Tax Planning

Inheritance tax planning: Decrease inheritance tax with Goal shares

Business Property Relief (BPR) was a key survivor of Chancellor Rishi Sunak’s spring budget in early March. The tax break can be a valuable tool when planning inheritance tax, but it has been made straight to the point.

As it turned out, however, the Chancellor didn’t mention BPR, so people can keep using it, at least for now.

The basic idea of ​​BPR is that if you leave business assets to your heirs – for example a company you founded or their assets – these are to be treated differently from an inheritance tax point of view than the rest of your estate. In practice, business and inheritance tax regulations can get quite complicated, but one aspect of BPR is valuable to a potentially broad audience, including people who have never started a business in their lives.

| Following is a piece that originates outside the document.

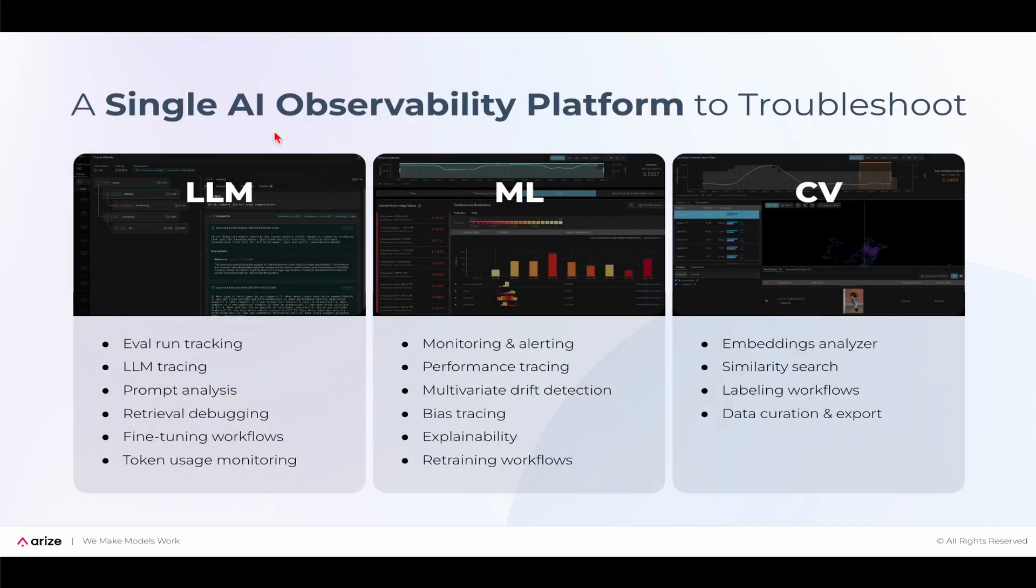Other than LLMs, Arise is a single AI observability platform to troubleshoot any model type, including traditional ML and computer vision.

This is because unlisted shares of a company fall within the purview of BPR. Crucially, “unlisted” has a broad definition – it includes companies listed on the Aim market, the London Stock Exchange’s junior market.

As a result, Aim stock will not count towards your estate for inheritance tax purposes in the right circumstances; These assets are therefore not taxed, even if your estate exceeds the threshold above which your heirs would normally have to pay 40% tax.

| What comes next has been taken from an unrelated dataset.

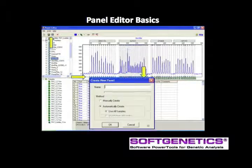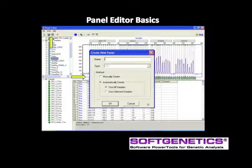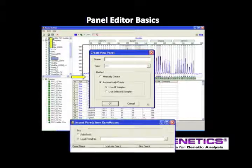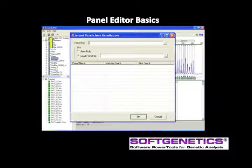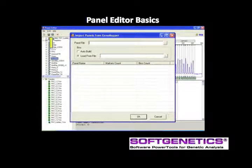Major human identification panels are preloaded in GeneMarkerHID. Custom panels may be easily made using File Create New Panel to create automatically using all samples, or manually using the mouse and panel table. Or, import ABI panels and bin files using File Import ABI Panels. Navigate to the saved panel and bin files and then select OK to automatically import the panel information from the genetic analyzer.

Don’t buy Aim stock just for the tax break

The first important point here is that a golden rule of financial planning is not to let “the tax tail wag the investment dog”. In other words, it never makes sense to invest solely for tax reasons. After all, target stocks have their own risks – there is little point in investing in the hope that if you lose 100% of your capital, you will save 40% in taxes.

That caveat aside, however, if you own Aim stocks as part of an investment portfolio that is carefully structured around your risk attitude and financial goals, they can be a useful way to plan inheritance tax. Target shares are usually also suitable for individual savings accounts (ISAS), where income and capital gains are also tax-free.

Just make sure you understand the rules. First, BPR has a two year qualifying period – you must have held qualifying Aim shares for two years before your death in order for the assets to be removed from your estate for inheritance tax purposes.

There’s a kink here: they don’t have to be the same Aim stocks. If you owned shares in one qualifying company for 18 months before selling it and reinvesting the proceeds in another qualifying company, the latter would receive BPR after six months.

Second, not all Aim stocks qualify for BPR. Certain sectors of the market, including financial services and real estate, typically don’t. HMRC publishes a guide on what is and what is not qualified, but you need to review each clearance to be sure or seek professional advice. About two-thirds of Aim stocks currently qualify, but the list changes constantly as companies come and go or change their activities.

How to Build an Aim Portfolio

How you use the Aim BPR tax break in practice depends on your personal circumstances and how practical you want to be. It is certainly possible to build your own portfolio of Aim stocks, but you need to be confident that you are choosing investments carefully and complying with tax regulations.

The alternative is to hire a stockbroker or financial advisor to do the work on your behalf, or to work with a company that specializes in building tax efficient investment portfolios. Companies such as Octopus, Unicorn and Wealth Club, for example, offer specialized inheritance tax portfolio services.

In any case, the usual rules for seeking professional advice apply. Only work with fully regulated companies – those authorized by the Financial Conduct Authority. And do your due diligence – check the technical qualifications of the companies, compare their fees (these can be high even by financial industry standards for this particular service) and make sure you are comfortable with them before you give up your Hand over money.

Remember, the government can change the rules at any time

In general, you should also be aware of the potential for future tax reforms that will torpedo any strategy you develop today. The fact that the Chancellor let the BPR off the hook in March does not mean that he will not change the rules in the future. With the Bureau of Tax Simplification recommending an inheritance tax reform, BPR remains a likely candidate for a revision.

One final point is that BPR is not the only inheritance tax relief for investments. The Enterprise Investment Scheme (EIS) also offers an inheritance tax benefit: investments in the EIS of up to £ 2 million per year are tax exempt after two years.

However, the EIS is an initiative to encourage early-stage investment in small businesses; The tax benefits offered reflect the increased risk profile of these companies, so you need to be prepared for potential losses.

As with aim stocks, you should never invest in companies with EIS status just for tax breaks – and once you decide the EIS is right for you, consider how to build a portfolio of qualifying companies.